To date, Concord has invested in venture and growth stage, private healthcare companies within the firm’s AHA Innovation Development Fund, Concord Innovation Fund II and a special purpose vehicle (“SPV”). The AHA Innovation Development Fund was formed in association with the American Hospital Association, the national organization that represents nearly 5,000 hospitals, health care systems, networks, and other providers of care, to provide an investment vehicle through which AHA Members can make strategic investments in early-stage healthcare companies-in a manner consistent with the AHA’s mission, vision, and values. Concord has developed an extensive base of strategic investors including healthcare providers and payors. Concord targets
companies that can scale efficiently through commercial and strategic relationships with AHA members and health insurers. By leveraging its investor base and its relationship with the AHA, Concord aims to create incremental value by accelerating business development and shortening sales cycles to drive growth at portfolio companies.
In addition to public capital markets and private equity investing experience, Concord has an operating team that provides varying levels of support to Concord’s portfolio companies. The operating team’s capabilities complement Concord’s private transactions group which custom designs transactions to accommodate long-term structured investments in healthcare companies. Concord also benefits from its strategic partnership model in which interests are aligned between strategic investors and portfolio companies. Concord’s strategic partners expand access to opportunities and provide supplemental resources to Concord and its portfolio companies. The model allows Concord to accelerate business development and drive efficient growth to create incremental value for all stakeholders. Select strategic investors include the American Hospital Association, Atlantic Health System, Atrium Health, Blanchard Valley, Carilion Clinic, Edward-Elmhurst Health, Hartford Healthcare, Henry Ford Health System, Ochsner, Saint Luke’s Health System, Cox Health and Mercy Health Services. We believe that we will benefit from Concord’s diverse resources and capabilities.
Business Combination Agreement with Integrity Implants, Inc.
On November 14, 2021, our board of directors unanimously approved a business combination agreement, dated November 14, 2021, by and among the Company, Accelerate Merger Sub, Inc., a wholly owned subsidiary of CHP (“Merger Sub”), and Integrity Implants Inc. d/b/a Accelus (“Accelus”) (as amended on November 30, 2021 and December 23, 2021, as disclosed in CHP’s Current Reports on Form 8-K
filed on December 6, 2021 and December 30, 2021, respectively, and as it may be further amended and/or restated from time to time, the “Business Combination Agreement”).
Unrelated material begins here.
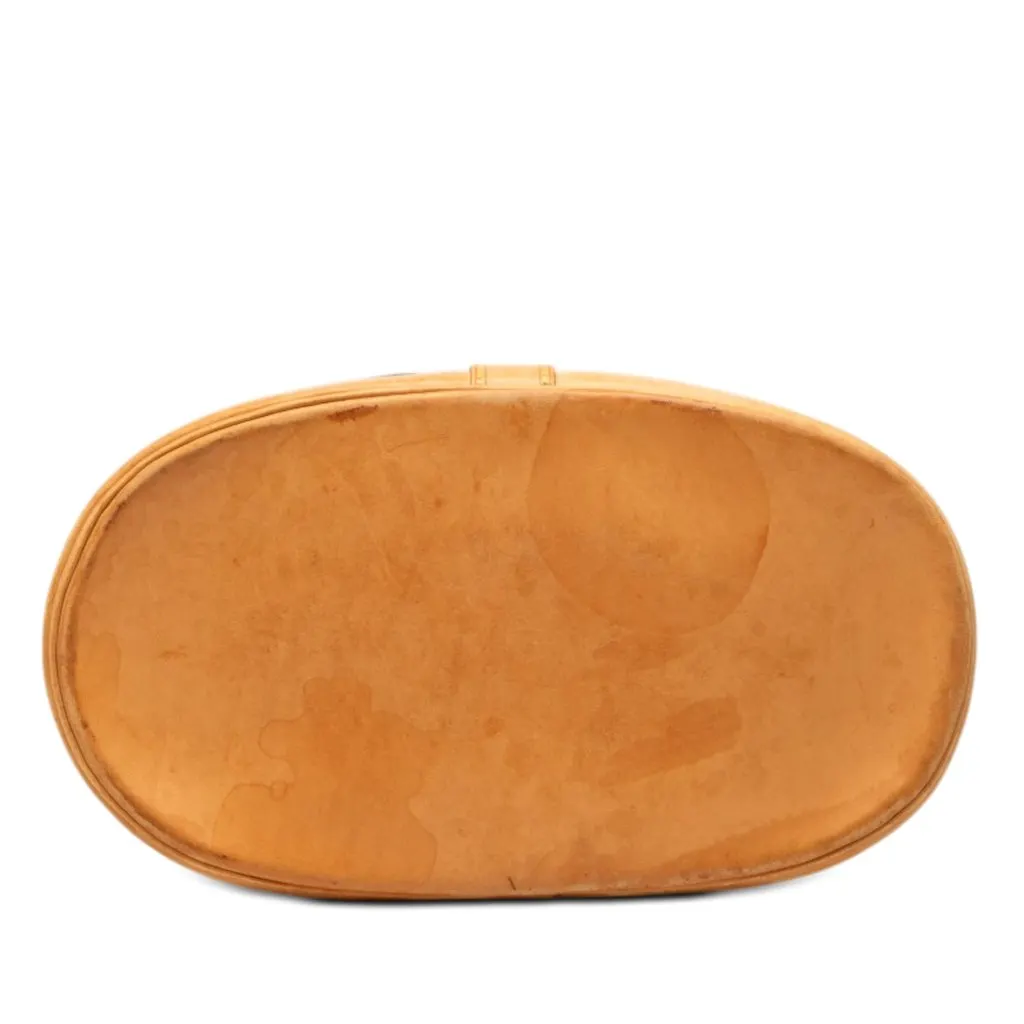Louis Vuitton Monogram Randonnee PM Brown Good - Inside View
If the Business Combination Agreement is approved by our stockholders and the transactions under the Business Combination Agreement are consummated, Merger Sub will merge with and into Accelus (the “Merger”), with Accelus surviving the Merger as a wholly owned subsidiary of CHP. In addition, upon the effectiveness of the proposed amended and restated certificate of incorporation to be adopted by CHP pursuant to the Business Combination Agreement, CHP will be renamed “Accelus, Inc.” and is referred to herein as “New Accelus” following the consummation (the “Closing”) of the transactions described below (collectively, the “Business Combination”).
As a consequence of the Business Combination, each of the holders of CHP Class B common stock that is issued and outstanding as of immediately prior to the effective time of the merger (the “Effective Time”) will automatically convert, on a one-for-one basis,
into shares of CHP Class A common stock in accordance with the terms of our current charter. The CHP Class A common stock that is issued and outstanding as of immediately prior to the Effective Time, including the CHP Class B common stock that converts into CHP Class A common stock, will be reclassified into New Accelus common stock.
As a consequence of the Merger, on the closing date, immediately prior to the Effective Time, each share of Accelus preferred stock issued and outstanding at the Effective Time will convert into one share of Accelus common stock. As a consequence of the Merger, at the Effective Time, (i) each share of Accelus common stock issued and outstanding as of immediately prior to the Effective Time will become the right to receive a number of shares of New Accelus common stock calculated by dividing (x) the number resulting from calculating (A) 41,100,000 minus (B) the Net Debt Figure (as defined in the Business Combination Agreement), which may be positive or negative by (y) the Closing Accelus Share Number (the “Exchange Ratio”); (ii) each unexercised Accelus warrant to purchase shares of Accelus common stock, excluding the then unexercisable Accelus warrants granted or to be granted to Eastward Fund Management, LLC (“Eastward”) in connection with Eastward’s loan and security agreement and related warrant agreement, will be automatically canceled and extinguished for no consideration, and each holder thereof will cease to have any rights with respect to such warrants or any agreement related thereto, and (iii) each option to purchase shares of Accelus common stock, whether vested or unvested, that is outstanding and unexercised as of immediately prior to the Effective Time will be assumed by New Accelus and will automatically become an option (vested or unvested, as applicable) to
purchase a number of shares of New Accelus common stock equal to the number of shares of Accelus common stock subject to such option immediately prior to the Effective Time multiplied by the Exchange Ratio, rounded down to the nearest whole number of shares, at an exercise price per share equal to the exercise price per share of such option immediately prior to the Effective Time divided by the Exchange Ratio and rounded up to the nearest whole cent.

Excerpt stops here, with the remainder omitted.